Making the Switch to Collaborative Law
By Pauline H. Tesler
Although switching to a collaborative law practice involves starting over, doing so is challenging, rewarding, prudent, and socially useful.
- Challenging: By the time most of us reach our prime professional years, we have mastered our craft, but we are rarely called upon to master an unknown skill.
Learning the craft of collaborative lawyering involves mastering knowledge and skills that were not taught to us in law school and that few of us learn in the course of
our litigation practices. Lawyers like challenges; learning to do this work is a particularly engaging challenge.

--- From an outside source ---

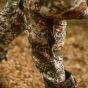 First Lite Men’s Trace Pant in Specter camo with dual thigh vents, seated-access cargo pockets, and integrated low-profile belt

- Rewarding: We work very hard when we do family law trial work. If we get recognition for a job well done, it is more likely to come from the judge or a
colleague than from the client for whom we toiled. In collaborative practice, however, it is common for clients who reach agreements to express profound gratitude for the
work done by both lawyers. Collaborative lawyers learn to enjoy the appreciation of the clients they serve as a regular feature of their work.

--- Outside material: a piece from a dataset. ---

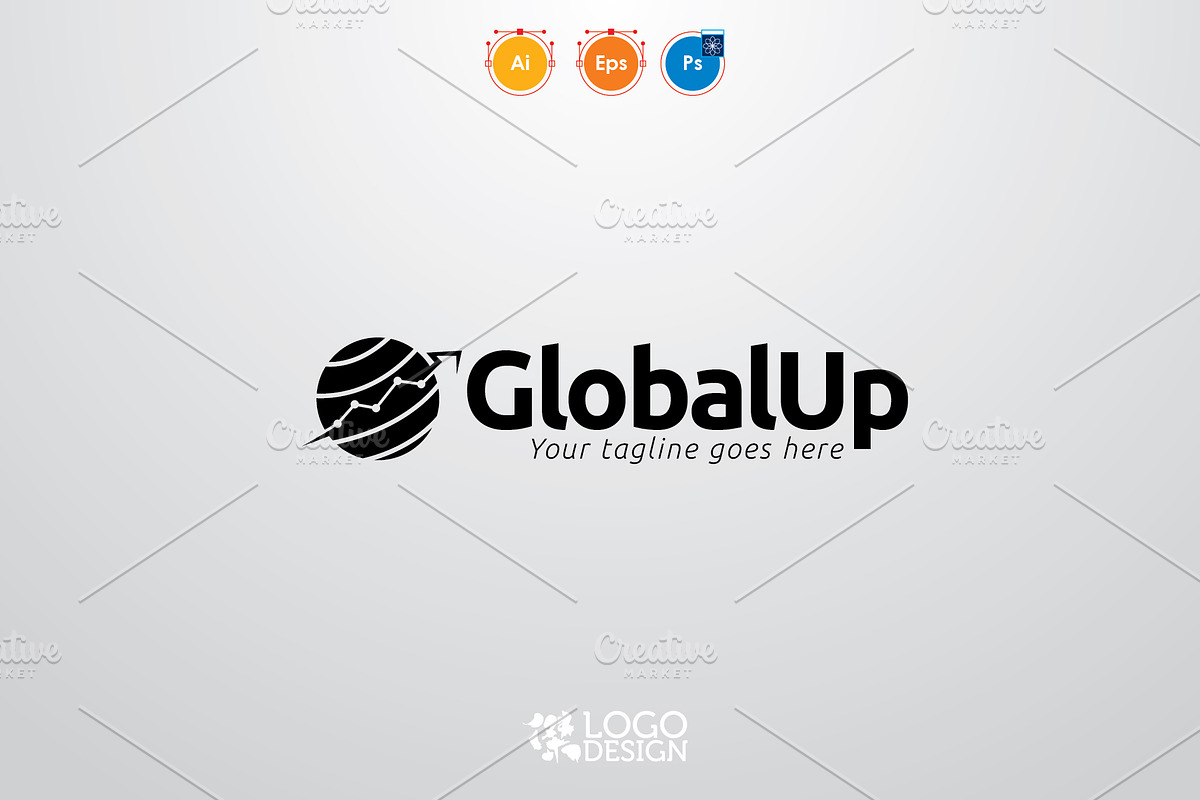 Global Up, a Branding & Logo Template by KitCreativeStudio2 (Photo 5 of 5)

- Prudent: The market share of family law clients who want to hire a lawyer to manage their entire divorce within a litigation matrix from start to finish
is diminishing. Increasingly, even clients who can afford such representation do not want it. Many clients ask for mediation and for unbundled legal services rather than
turn the case over to the all-powerful lawyer of record. From a strategic planning perspective, lawyers who want to serve the needs of the market by offering a full menu
of dispute-resolution options will need to be familiar with collaborative law.

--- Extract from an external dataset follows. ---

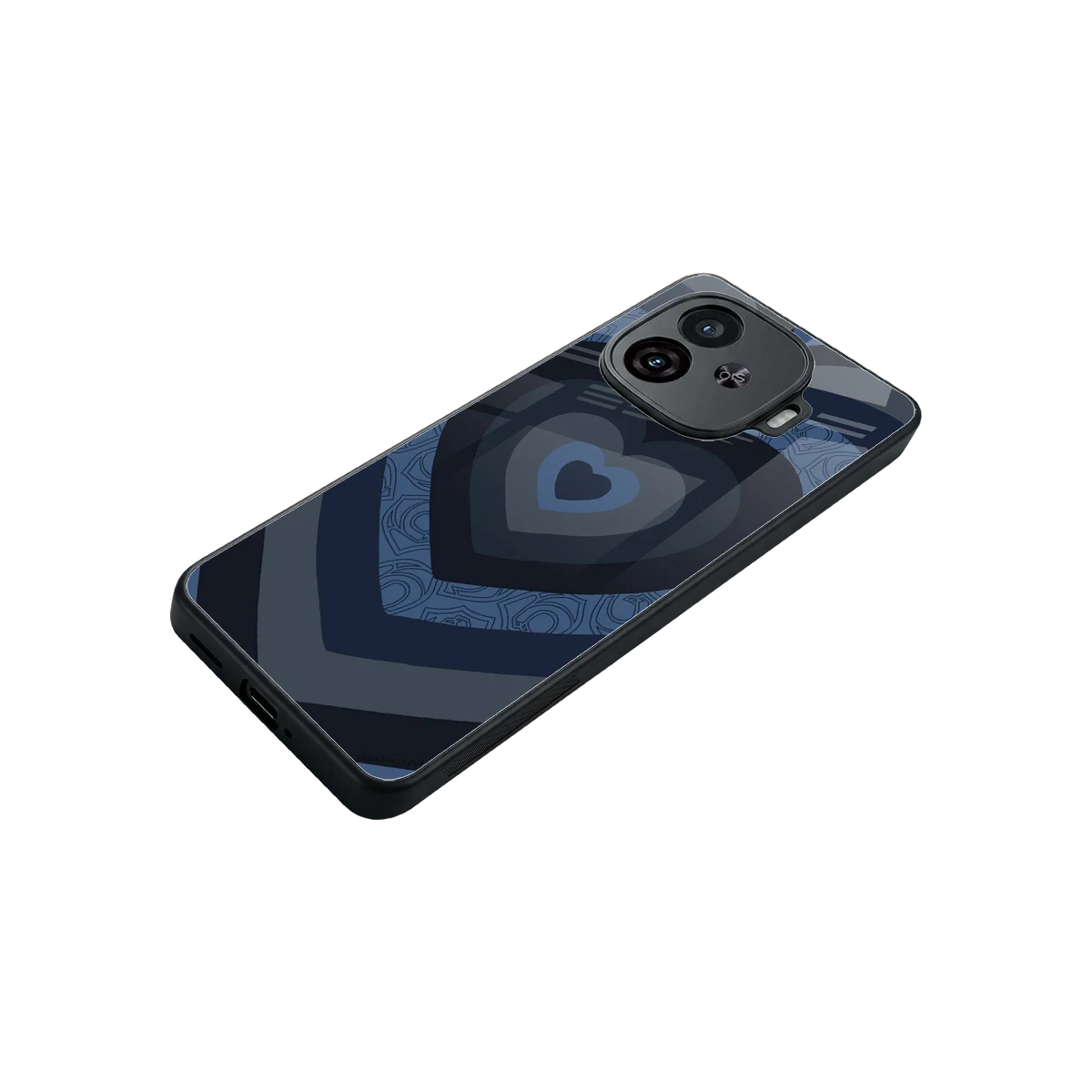 Y2K Frosted Berry Hearts stylish phone case for iqoo neo 10r 5g | glossy glass and slim fit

- Socially Useful: Given the negative impact highly conflicted divorce proceedings can have on all parties, it is apparent that we serve not only our clients but
our larger society by offering collaborative law and by learning to do it well. In this regard, collaborative law is in the forefront of an upwelling of change in the
legal profession.
To do the work of collaborative law well, an experienced lawyer must become a beginner and unlearn a bundle of old automatic behaviors before he or she can acquire the
new, more conscious attitudes, behaviors, and habits of a good collaborative lawyer. Without this effort, the pull toward conducting conventional settlement negotiations
will be strong, and the risk of unsuccessful collaboration will be relatively high.